* **Exercise goal**
Make an exact copy of the records that follow, with each picture omitted.

======== The data ========

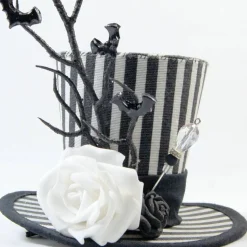 Mini-Hütchen - Gothic Fascinator Ast mit Fledermäusen Rosen gestreift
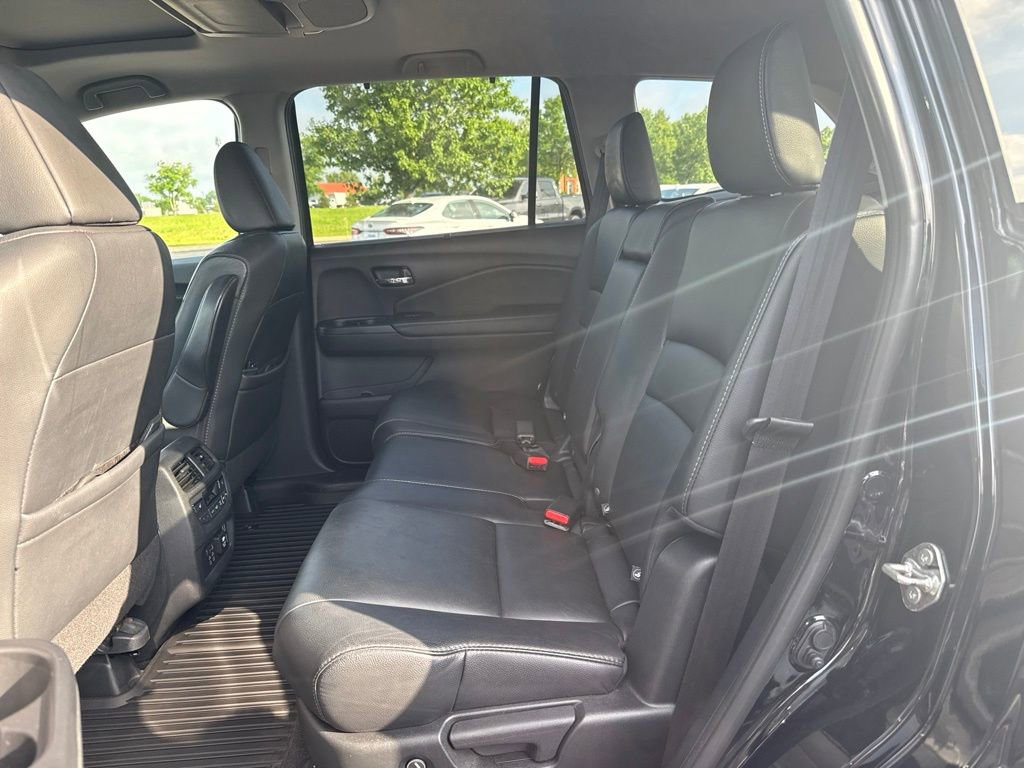 Used 2019 Honda Pilot Touring image 14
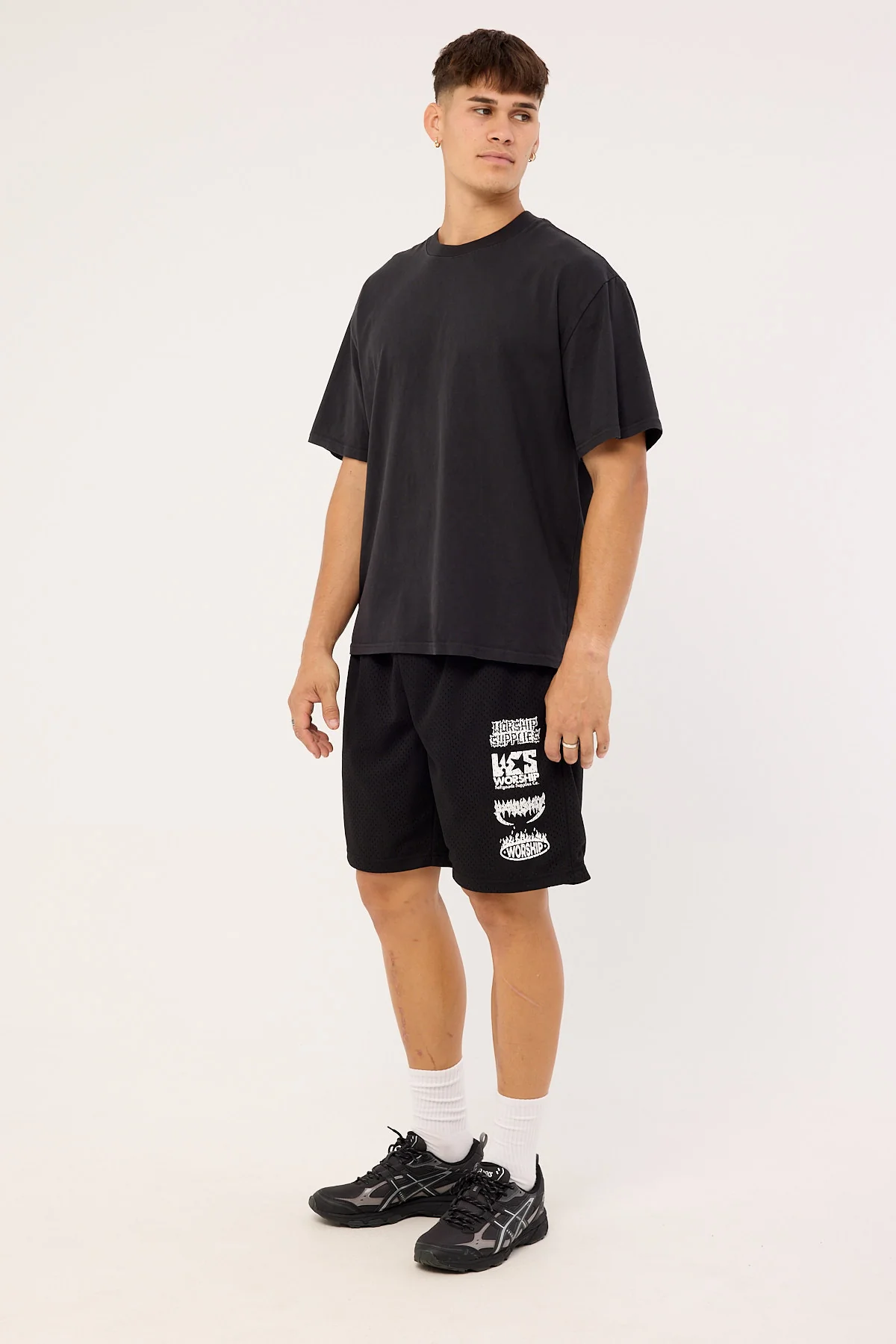Worship Pile Up Mesh Short Black - Image 4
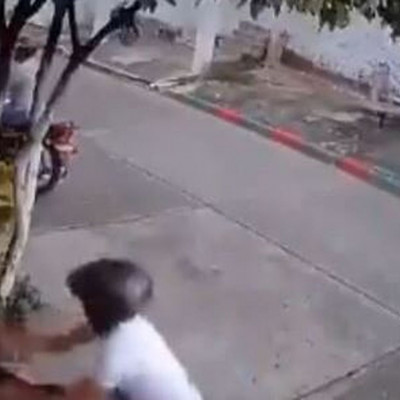 Γιαγιά-νίντζα λιντσάρει ληστή που θέλησε να της πάρει την τσάντα (video)
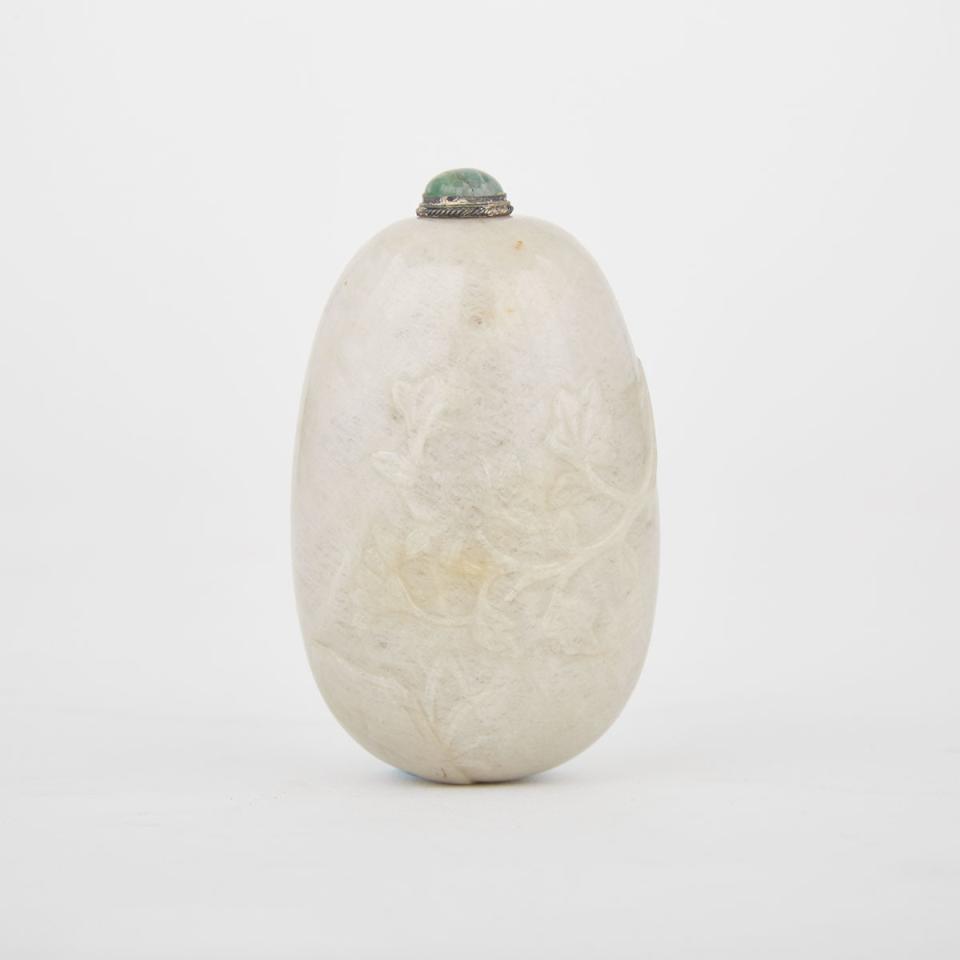 A Large Striated Jadeite ‘Pebble’ Snuff Bottle, 19th Century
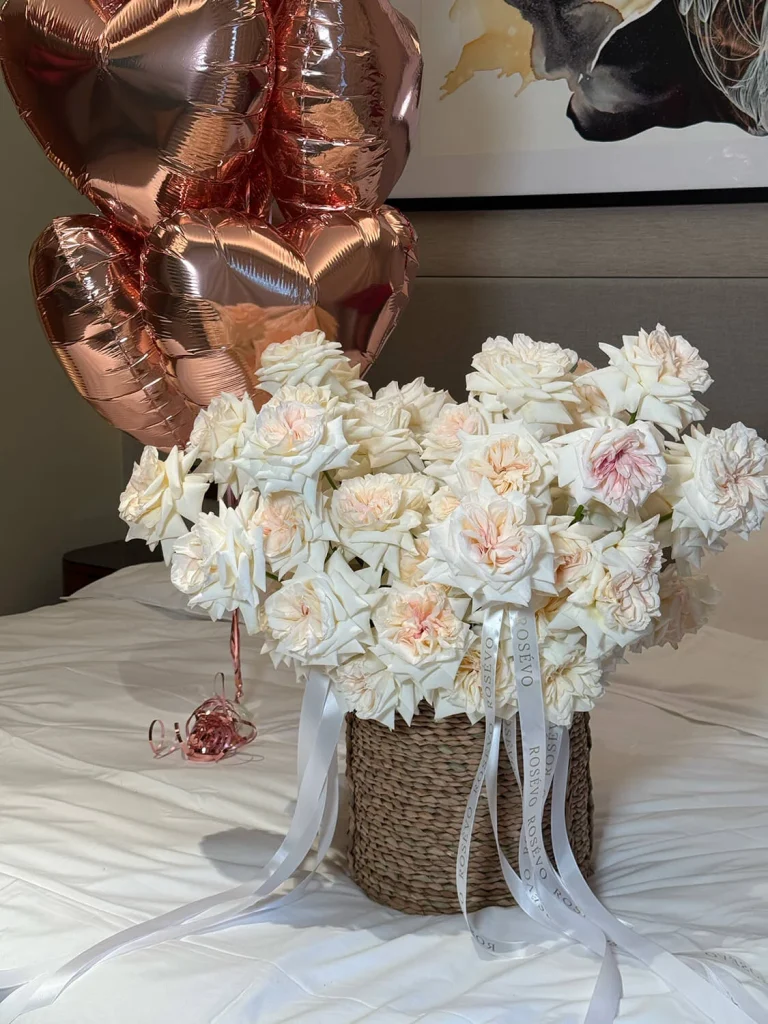 Heart of White Roses - Image 2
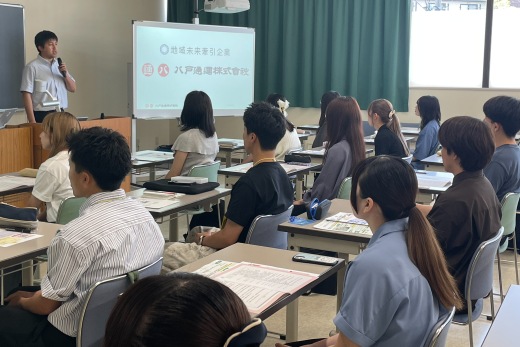 事業所の説明を真剣に聞く学生たち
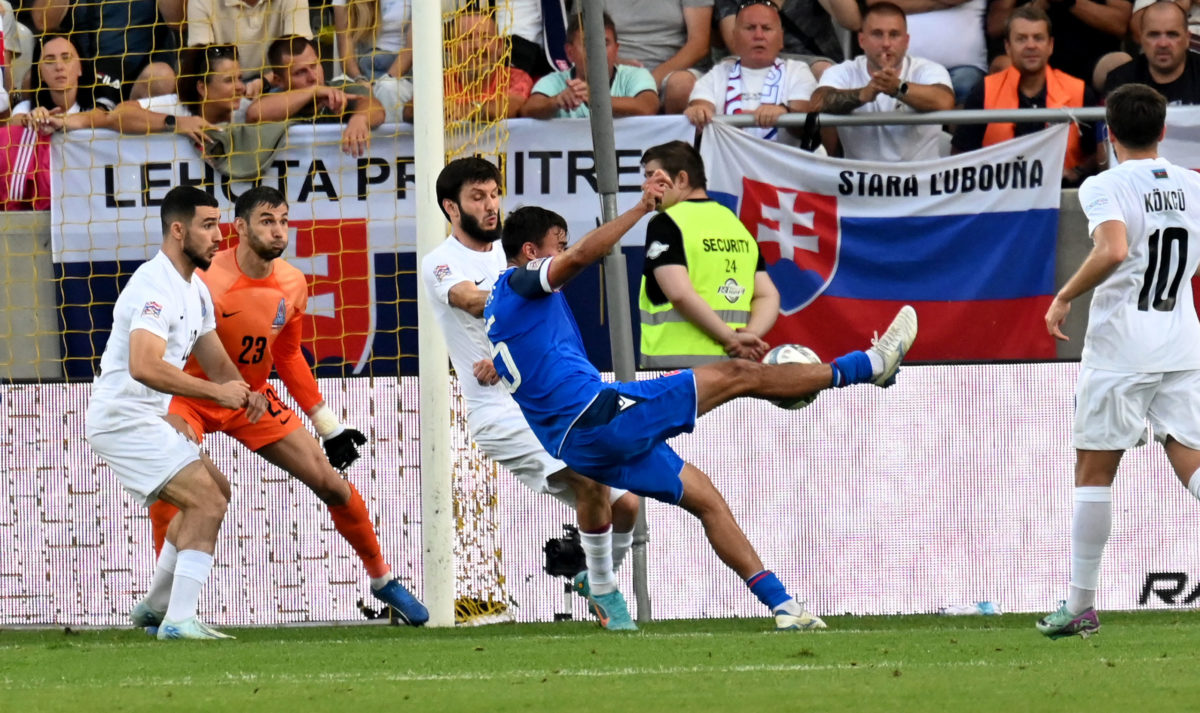 Slováci sa v Lige národov revanšovali a zvíťazili nad Azerbajdžanmi, o triumfe rozhodli Duda so Strelcom (foto)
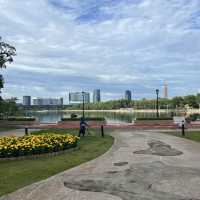 【タイ】都会のど真ん中に現れる癒しの公園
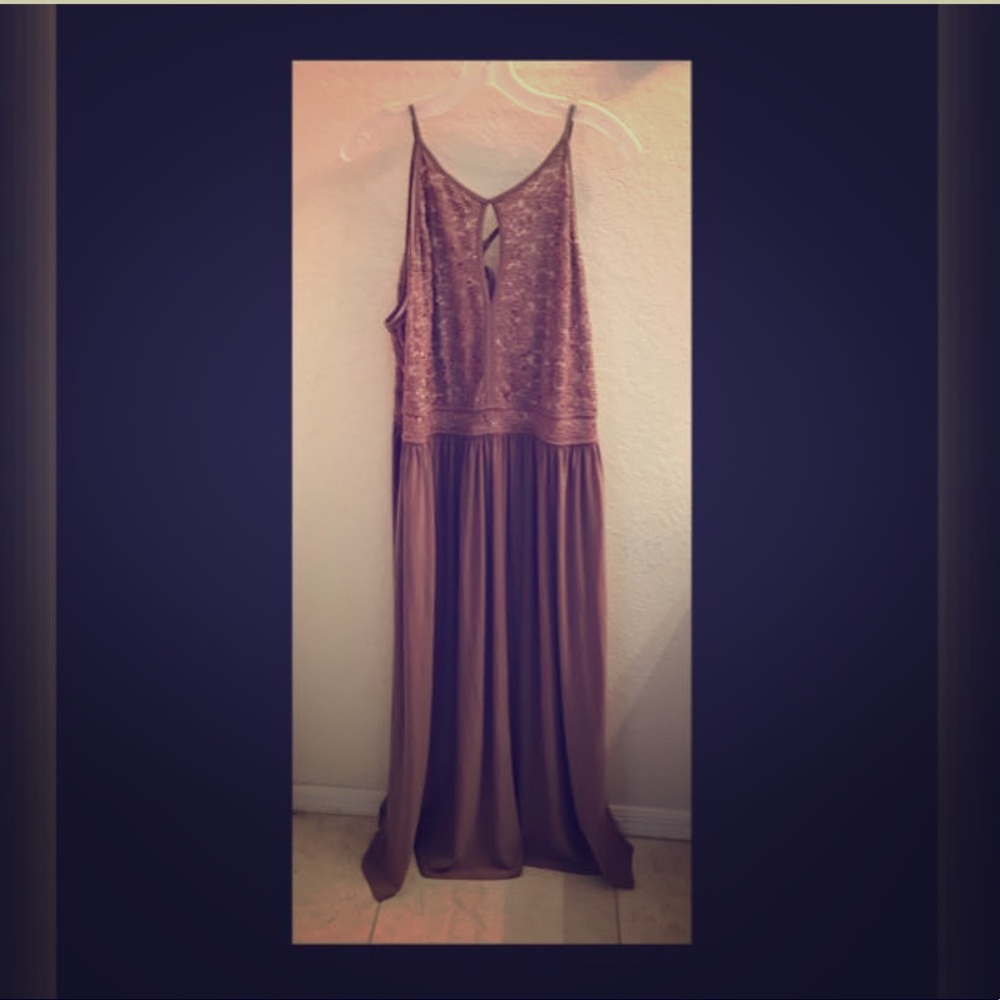 Gorgeous evening dress!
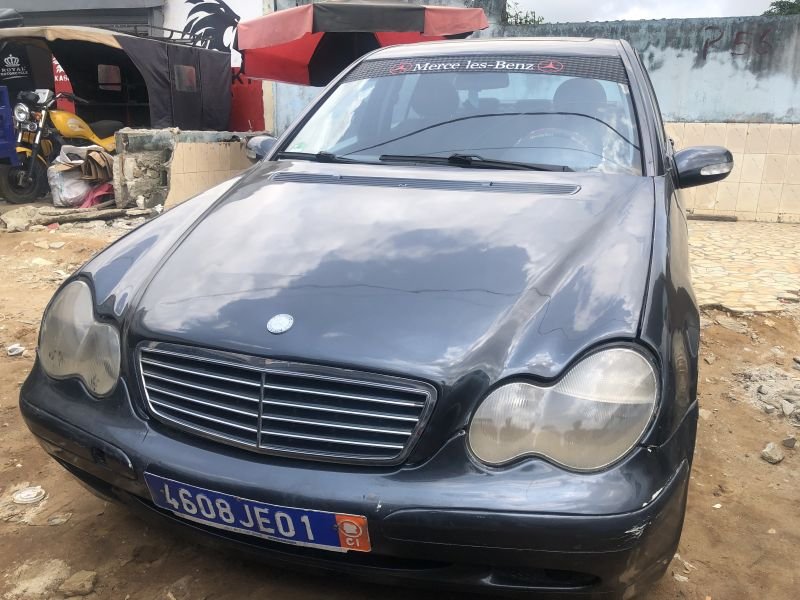Mercedes C200 1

========

* **Your response**
 Mini-Hütchen - Gothic Fascinator Ast mit Fledermäusen Rosen gestreift
 Used 2019 Honda Pilot Touring image 14
Worship Pile Up Mesh Short Black - Image 4
 Γιαγιά-νίντζα λιντσάρει ληστή που θέλησε να της πάρει την τσάντα (video)
 A Large Striated Jadeite ‘Pebble’ Snuff Bottle, 19th Century
 Heart of White Roses - Image 2
 事業所の説明を真剣に聞く学生たち
 Slováci sa v Lige národov revanšovali a zvíťazili nad Azerbajdžanmi, o triumfe rozhodli Duda so Strelcom (foto)
 【タイ】都会のど真ん中に現れる癒しの公園
 Gorgeous evening dress!
Mercedes C200 1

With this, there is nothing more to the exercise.